■ Required action: Find the line below with "Аренда 2-комнатной квартиры, Пермь, Пермский" and the line with "СЪДОМИЯЛНА WHIRLPOOL W8I HP42 L thumbnail 7". Output them and the lines between, exactly, but not the pictures.

■ Exercise data:
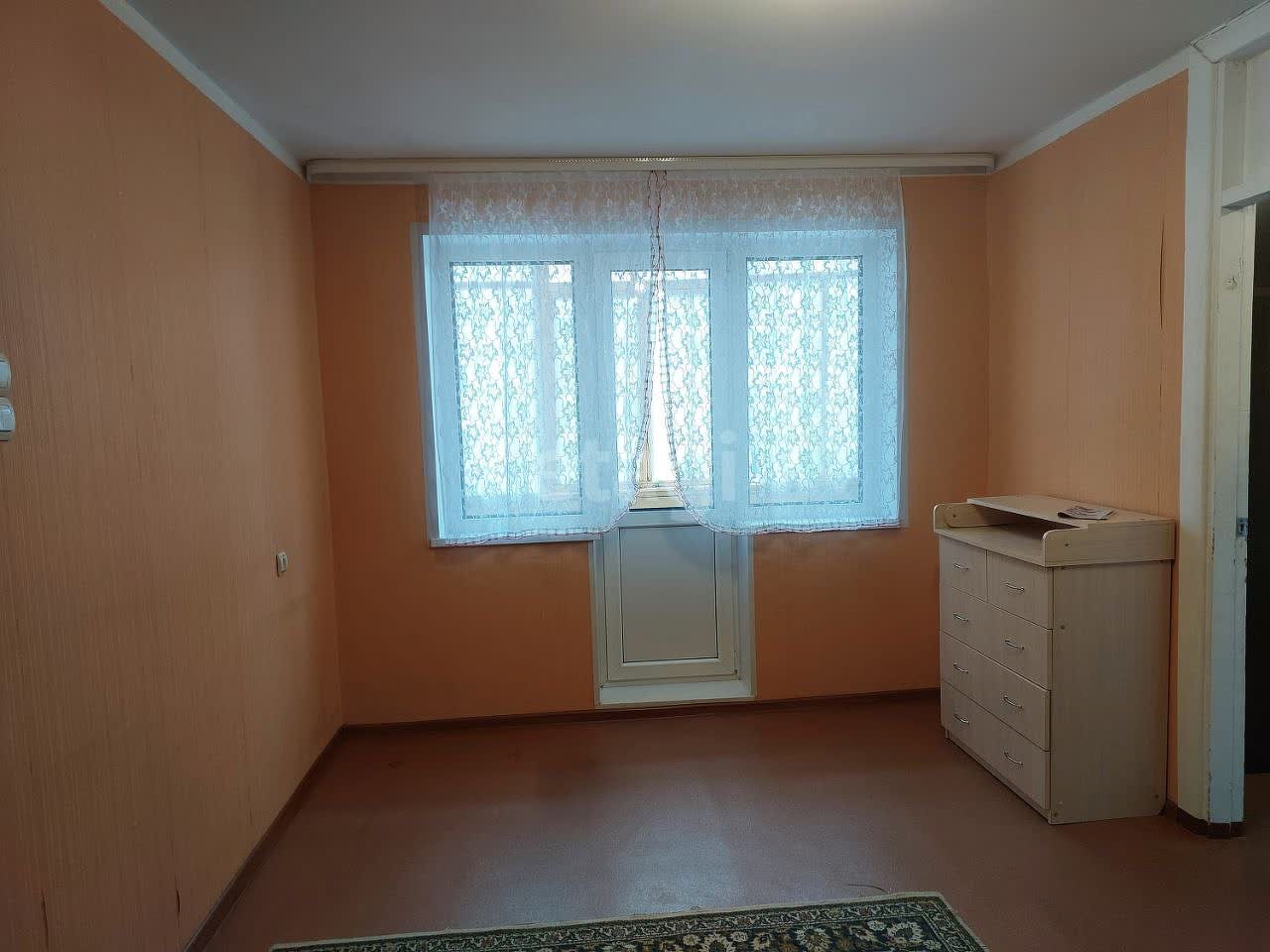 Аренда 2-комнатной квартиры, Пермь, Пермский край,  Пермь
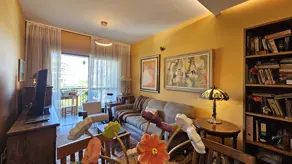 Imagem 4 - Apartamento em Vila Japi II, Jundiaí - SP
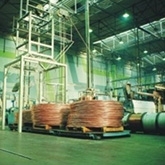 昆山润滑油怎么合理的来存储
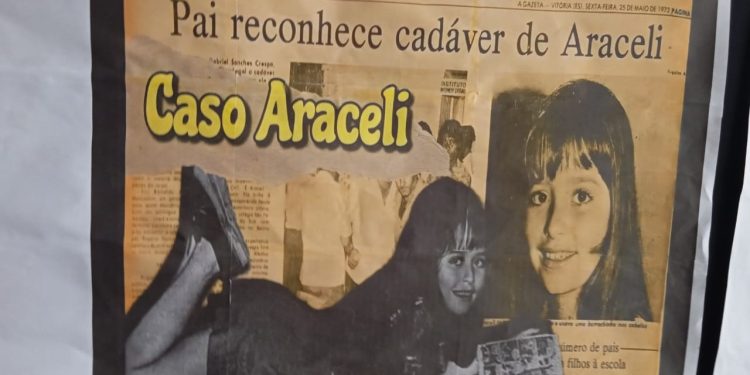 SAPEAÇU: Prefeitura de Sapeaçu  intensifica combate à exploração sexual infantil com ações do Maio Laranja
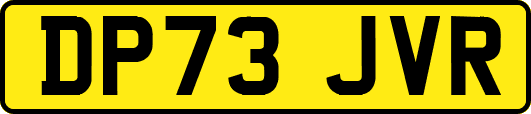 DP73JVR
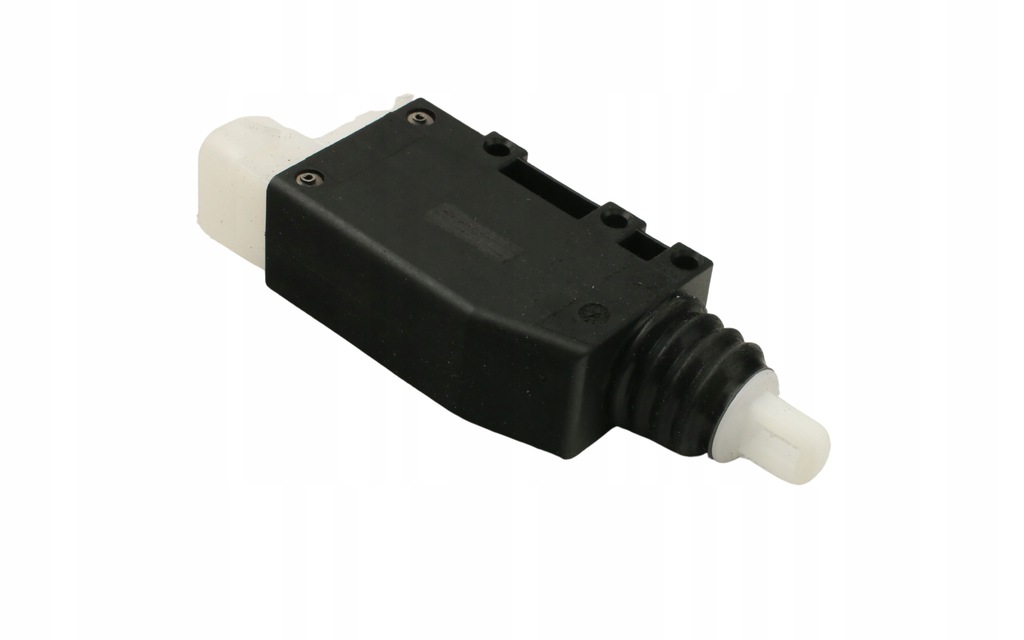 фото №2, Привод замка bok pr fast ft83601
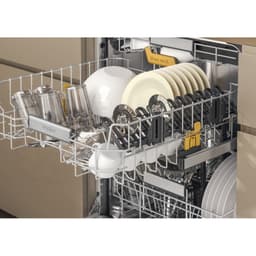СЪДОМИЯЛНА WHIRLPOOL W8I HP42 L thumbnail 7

...

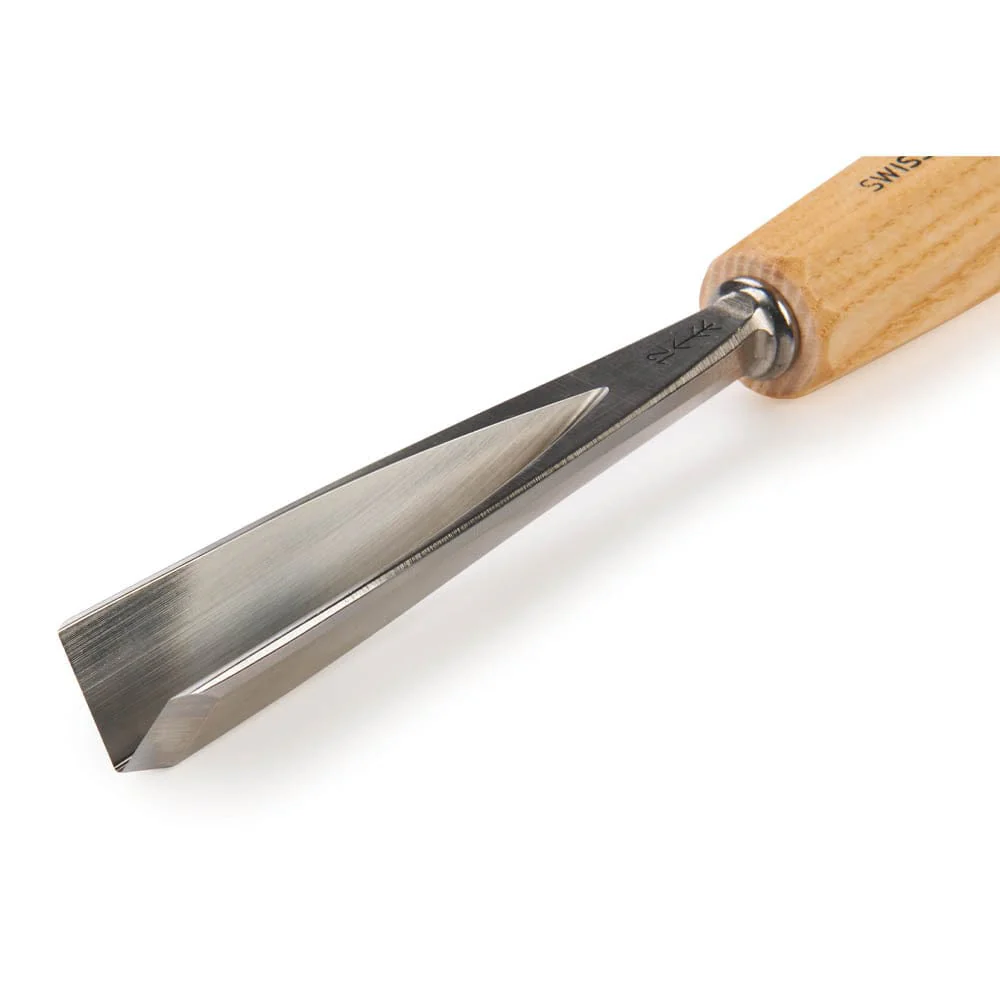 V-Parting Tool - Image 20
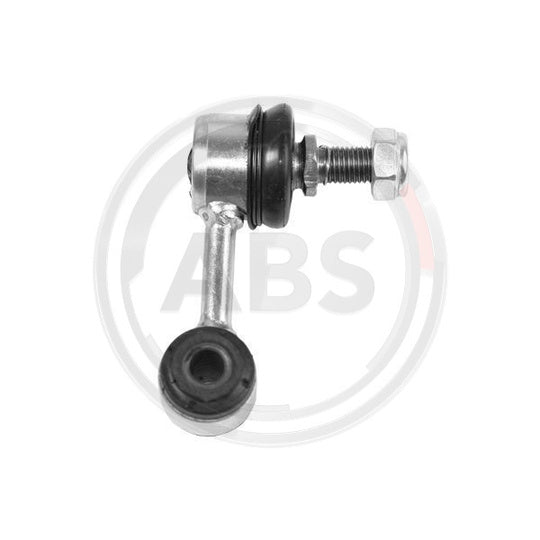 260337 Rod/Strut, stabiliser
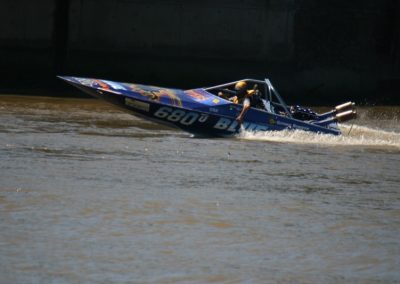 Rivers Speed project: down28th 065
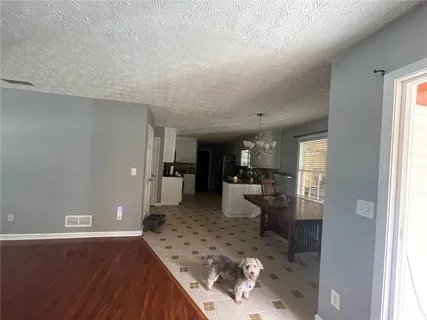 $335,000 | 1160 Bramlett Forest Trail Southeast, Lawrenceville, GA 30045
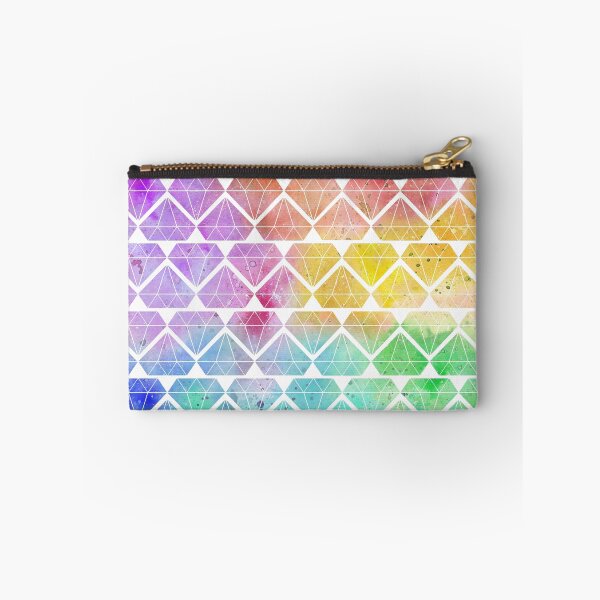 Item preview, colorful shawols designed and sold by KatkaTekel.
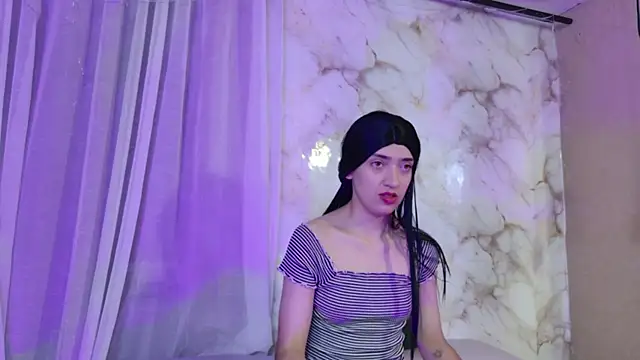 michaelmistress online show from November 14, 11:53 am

--

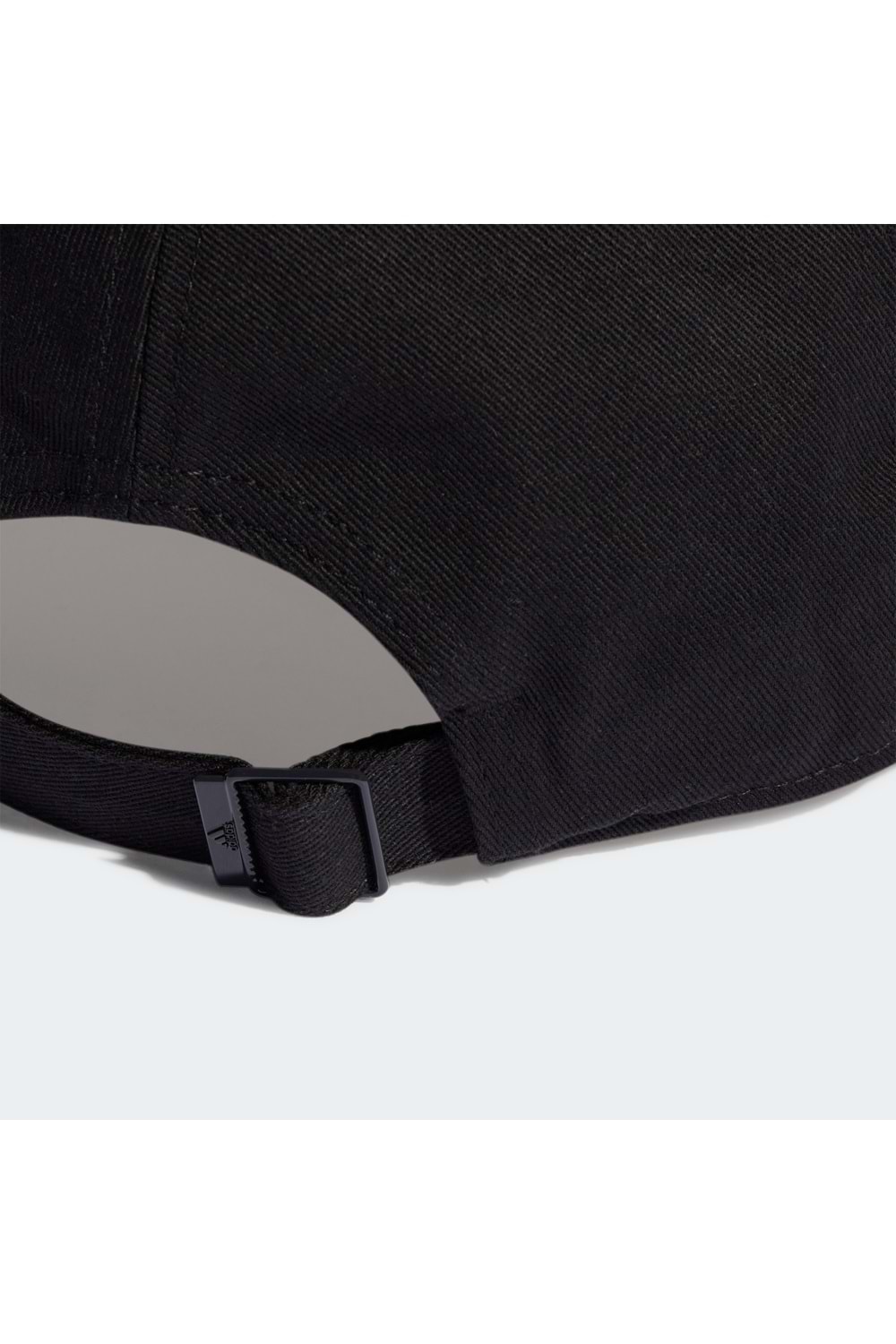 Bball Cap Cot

■ Exercise result:
 Аренда 2-комнатной квартиры, Пермь, Пермский край,  Пермь
 Imagem 4 - Apartamento em Vila Japi II, Jundiaí - SP
 昆山润滑油怎么合理的来存储
 SAPEAÇU: Prefeitura de Sapeaçu  intensifica combate à exploração sexual infantil com ações do Maio Laranja
 DP73JVR
 фото №2, Привод замка bok pr fast ft83601
СЪДОМИЯЛНА WHIRLPOOL W8I HP42 L thumbnail 7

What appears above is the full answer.